Logstash is very slow in sending the data to elasticsearch

Hi,

I am parsing an IIS log-file which is in below format:

2014-07-12:00:08:54 100.200.50.0 GET /mypath/mypage.asmx - 80 - 100.100.50.0 Mozilla/4.1+(compatible;+MSIE+4.01;+Windows+NT;+MS+Search+8.0+Robot) - 403 0 0 39

And, my logstash config file looks like this:

input {
file {
path => "D:/myLogFile.log"
type => "iis-log"
start_position => "beginning"
}
}

filter {

grok {
match => {
"message" => '%{DATA:timestamp} %{IPORHOST:clientip} %{NOTSPACE:method} %{NOTSPACE:uri} %{NOTSPACE:csuriquery} %{NOTSPACE:port} %{NOTSPACE:username} %{NOTSPACE:serverip} %{NOTSPACE:agent} %{NOTSPACE:referrer} %{NOTSPACE:status} %{NOTSPACE:sub_status} %{NOTSPACE:win_status} %{NOTSPACE:responsetime}'
}
}

date {
match => [ "timestamp", "YYYY-mm-dd:HH:mm:ss" ]
locale => en
}

}

output {
elasticsearch {
action => "index"
hosts => "localhost"
index => "myindex"
}
}

I am processing around 10 lakh data, for which it is taking around 2 hours, which is much much slower than what I expected.

Kindly suggest how can I increase the performance/ tune the above config file/filter.

Thanks in advance.

Depending on which version of Logstash you are using, recommended tuning will differ as the pipeline has gone through changes. I would however recommend increasing the number of workers for the elastic search output a bit as a first step. Start setting this to a reasonably low number and increase this slowly until it no longer improves throughput. A good starting point may be the number of worker threads you have or the number of cores available one the Logstash host.

+1

We experienced it too. Increasing number of workers didn't helped much.

Would like to get further assistance on this one.
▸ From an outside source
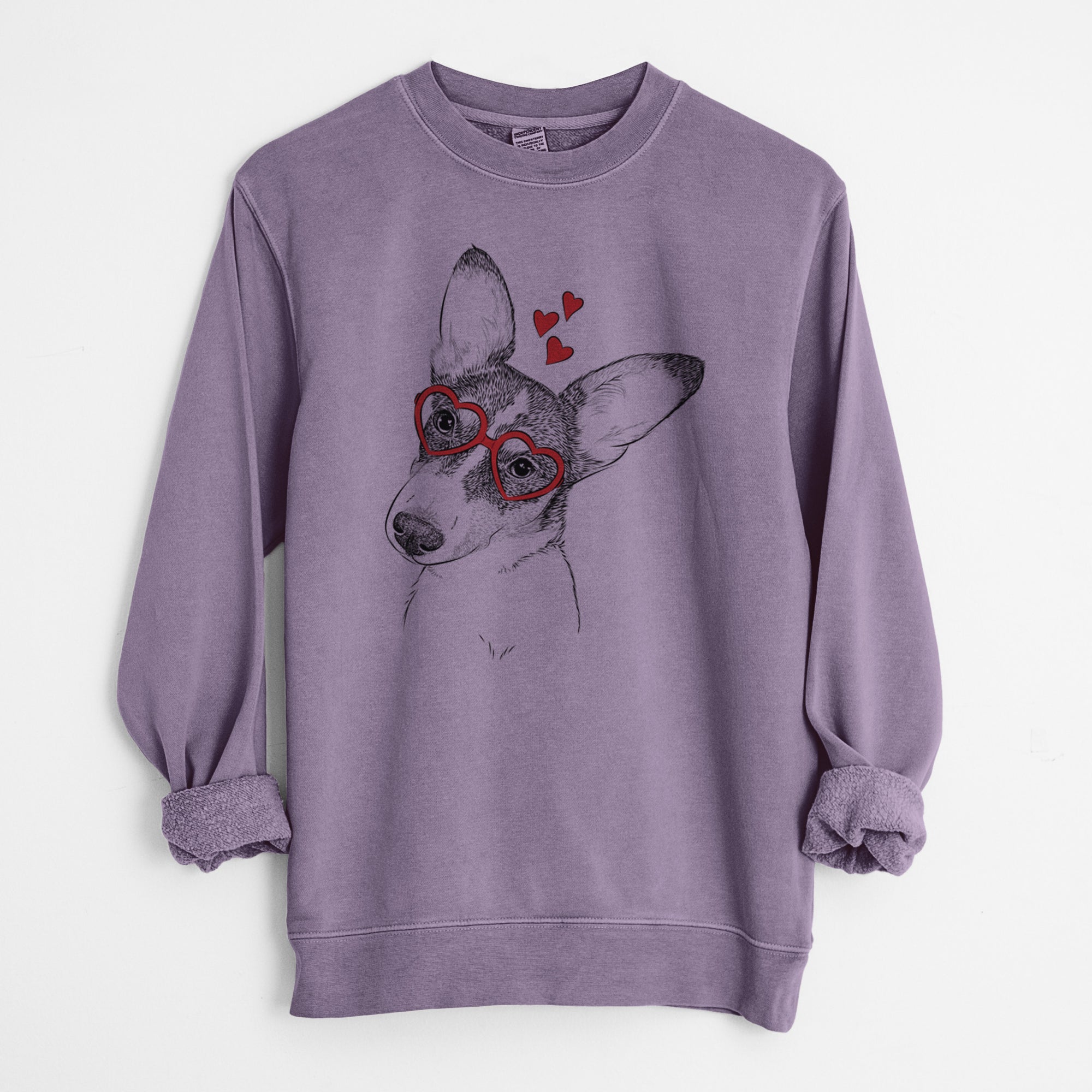 Valentine Dexter the Corgi - Unisex Pigment Dyed Crew Sweatshirt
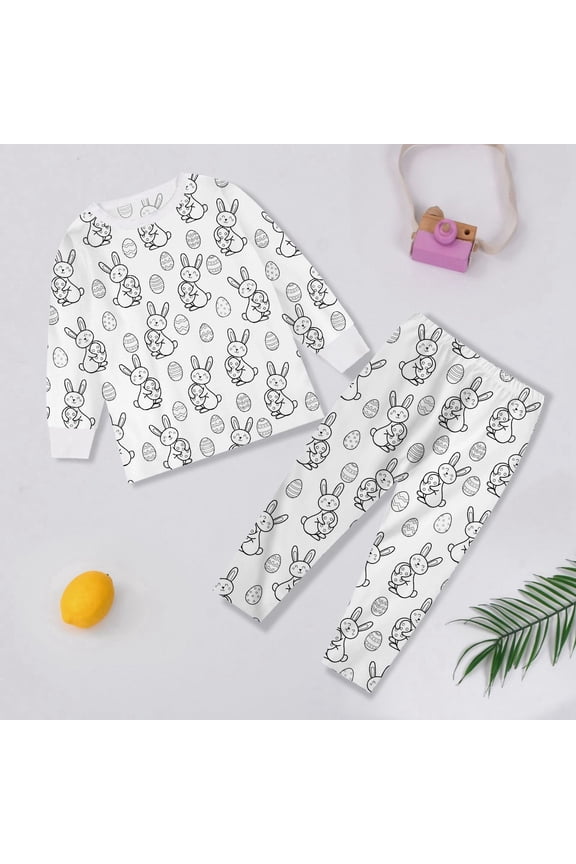 Easter Toddler Boy Outfits Bunny Graphic Long Sleeve Crew Neck Tops and Elastic Jogger Pants Pj Sets Comfy Lightweight 2 Piece Sleepwear White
Which version of Logstash are you using?

Logstash and Elasticsearch both are of 5.1.1 version.

Moreover, it seems workers are depricated in logstash 5.1.1.
Any alternate to this?

The documentation provides some good guidance on troubleshooting performance. Increasing the number of workers in the Elasticsearch output is one of the things discussed there.
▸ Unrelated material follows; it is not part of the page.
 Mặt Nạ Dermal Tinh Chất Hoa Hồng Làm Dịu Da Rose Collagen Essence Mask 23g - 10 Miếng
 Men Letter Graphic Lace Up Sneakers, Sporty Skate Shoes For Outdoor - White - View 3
What is the hardware specification of you Logstash host and Elasticsearch cluster?

Could you please let me know how I can increase the number of workers?

I had this config:

output {
elasticsearch {
action => "index"
hosts => "localhost"
index => "myindex"
workers => 1
}
}

But, increasing the number of workers to 2 or more, giving the below error message:
"You are using a plugin that doesn't support workers but have set the workers value explicitly! This plugin uses the shared and doesn't need this option"

The Elasticsearch output in 5.1.1 apparently no longer need the workers parameter, as this is handled automatically as it is thread-safe. This could however be better documented in my opinion, so I will open an issue.

What is 10 lakh data?

What is the spec of the machine you are running Logstash on?

Are you running Elasticsearch and Logstash on the same machine?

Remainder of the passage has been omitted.